The Y axis of the chart is blood lactate measured in mmol/L. The X axis is speed in km/h. Look at the line. Where does it start to increase rapidly? Typically the answer is somewhere around 4 mmol/L, and that is confirmed by what we see on this chart. Again, easy enough. But did you see how glycolysis was converting food into energy?
Look again:
What do you see now (besides what appears to be a graph highlighted by a potato)? Two energy systems, of course (let’s pretend CP doesn’t play a role in this scenario do to its extremely minute contributions). While the line of mmol/L acid is often what we selectively attend to, what we really miss out on is how glycolysis is functioning to keep us moving faster and faster while going further and further. You have to ask yourself, have you ever looked at a lactate threshold graph in this manner? If not, again, you are not alone. But why would moving our attention to aerobic and anaerobic glycolysis matter?

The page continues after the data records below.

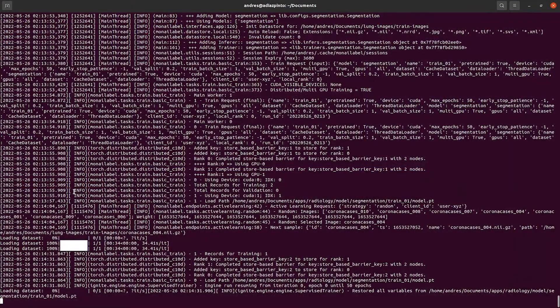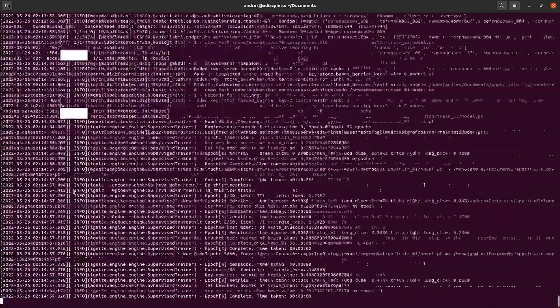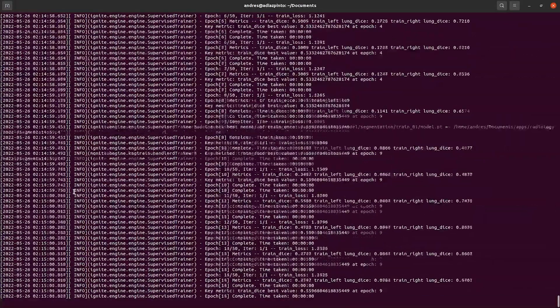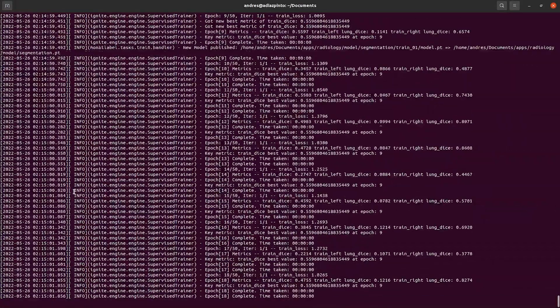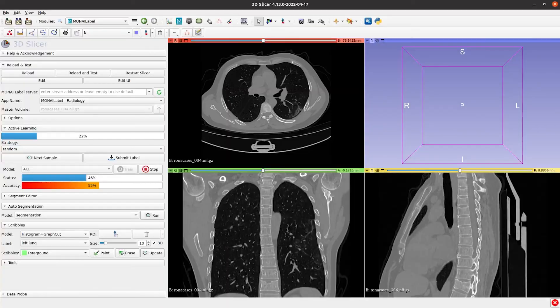Every time that you hit the button Train, the model is trained for 50 epochs. But you can change this value in the Options tab, and the variable name is MaxEpochs.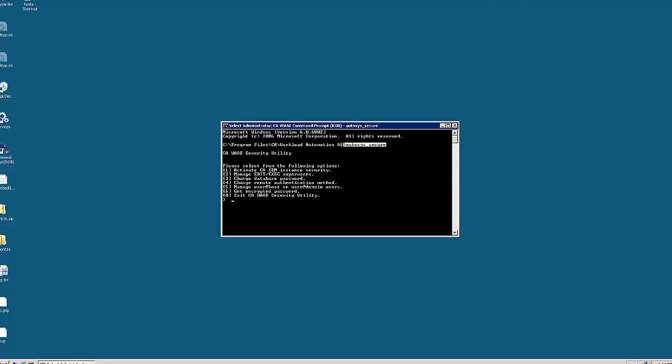This video will provide us with a workaround on how to change the odysys database password when the password is unknown.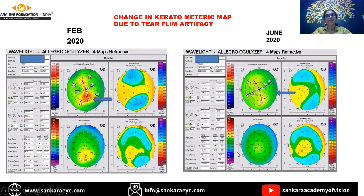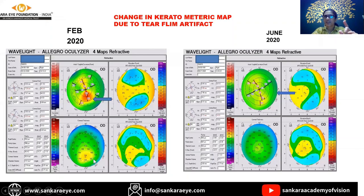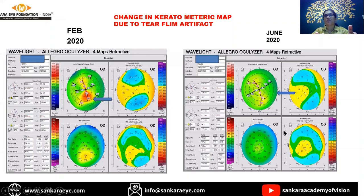Next case: this is the patient's picture from February 2020, showing an isolated island of steep cornea. The anterior elevation, posterior elevation, and pachymetry are otherwise normal. Whenever you see only one isolated hotspot with no other parameters abnormal, have a suspicion of an artifact. This patient had a tear film artifact and after treatment over three to four months showed absolutely normal topography. Do not always assume red means pathological - check if it is truly pathological or an artifact.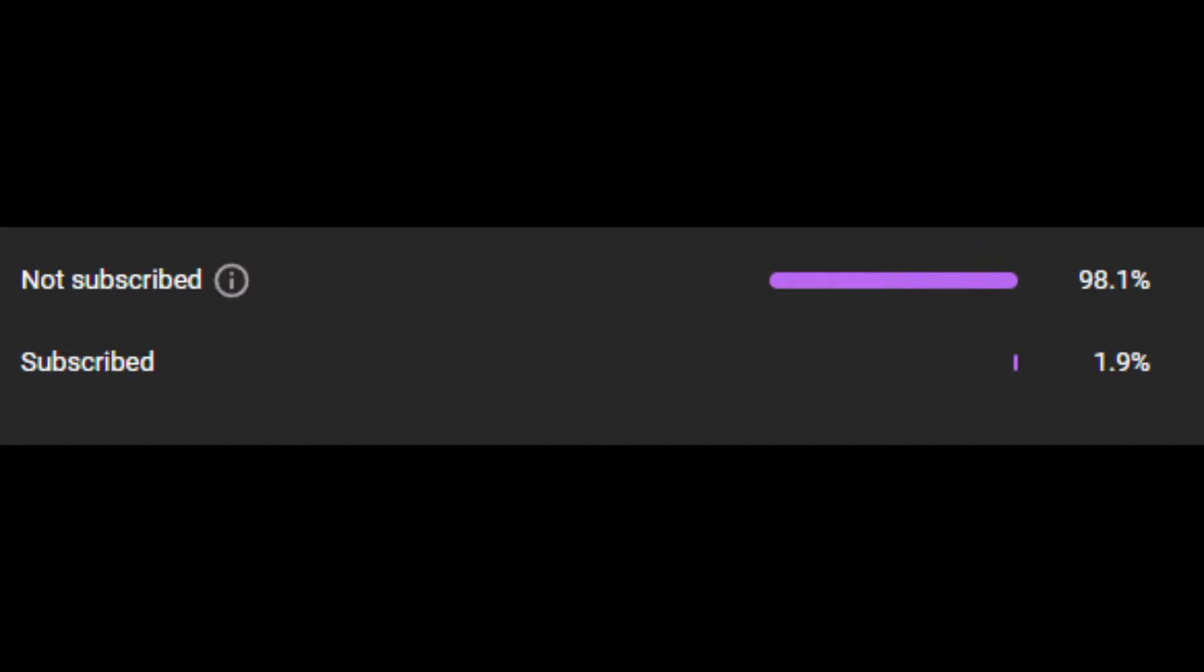Before we start this video, I just want to say only 1.9% of people who watch my videos are subscribed to the channel. So make sure you're subscribed, it will help out with the channel a lot. So anyway, let's get straight to the video.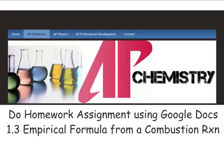That's vodcast 1.3 — empirical formula from a combustion reaction. Make sure you go to mraden.com, go to AP Chemistry, and do that homework assignment using Google Docs. Thanks, guys, and I'll see you later.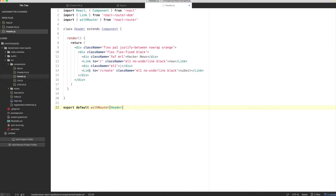Let's not get confused by the other link component that we use here. The one that you're using in the header has nothing to do with the Hacker News link components — they just happen to have the same name. In React Router, the link is used to transition from route to route. React Router DOM provides the link component that allows us to navigate within our application.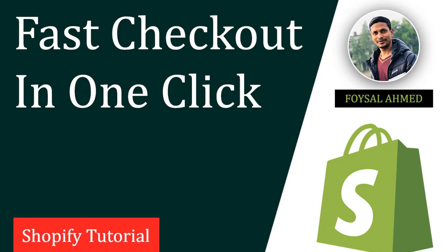Hi there, welcome. In this tutorial today I'm going to discuss fast checkout in one click in Shopify. So if you are a Shopify user and looking for high conversion rate apps to increase your conversion or sales, then you can continue this tutorial. In this tutorial you will get a full review of the best app for your Shopify online store.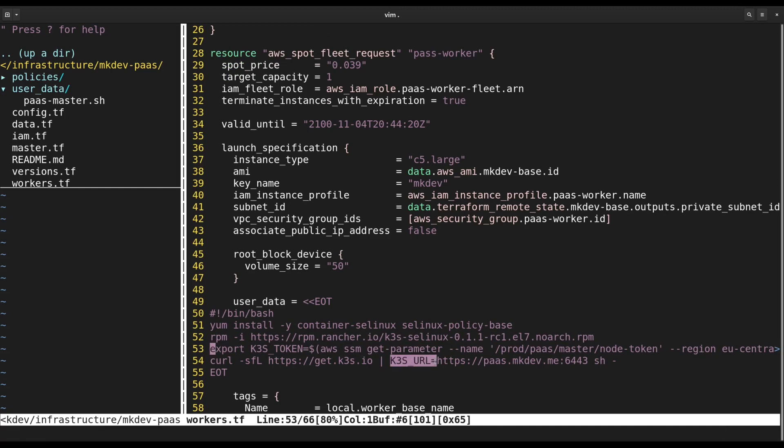It's exactly the same installation script, but because we set K3S_URL and K3S_TOKEN environment variables, this script will configure K3S agent and not K3S server.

Let’s discuss.
First, we need to define the function of glycolysis in producing pyruvate, NADH, and ATP (If you know these terms, great. If not, no worries in relation to today’s blog). In aerobic glycolysis, the byproducts produced into the blood are carbon dioxide and water. The byproduct of anaerobic glycolysis is lactate. When glucose stores are no longer able to keep utilizing oxygen due to increased demand, lactate levels in the blood begin to rapidly rise. But, when we take our eyes off of the line and look at what is around it we can see that lactate is already present in the blood from the beginning. This tells us that we derive energy for movement from both sources at nearly all times. It is easy to see the anaerobic contribution in the green area highlighted under the line. In an endurance athlete, we see the orange area taking up a large amount of the graph at the outset. Again, all pretty easy to understand even if we have not focused on the “space” in the graph before.
Most “endurance” coaches and athletes are always looking for ways to move the orange in the chart to the right and down. This indicates a clear improvement in aerobic training, right? Well, maybe. Let’s not forget that the anaerobic system is also being trained in doses dependent on the focus of the athlete and coach. So what if a coach focuses more on the athlete’s training on building anaerobic power and endurance. Well, the green (anaerobic) portion of the chart would likely shift slightly to the left and higher at the same speed. Does this mean the athlete is less fit? Not if the goal is to run fast in events 400m-1500m. Anaerobic power produces more forceful, albeit less efficient, muscle contractions. These powerful contractions contribute to a much faster pace in these shorter races. They also contribute to mind-numbing, butt-cheek clenching lactic acid walls. Fatigue approaches failure at a much faster rate. But this is necessary to be competitive at these distances.
A high school coach may do double duty of cross country in the fall, followed by track in the spring. It is important to make sure that you are not so focused on the “line” that you forget the energy contributions pushing that line up, down, and side to side. The power and efficiency of the muscles (based on what fuels them form the blood) will determine your performance at any race distance.
Don’t get so fixated on one thing that you forget to take time to look for the gorillas.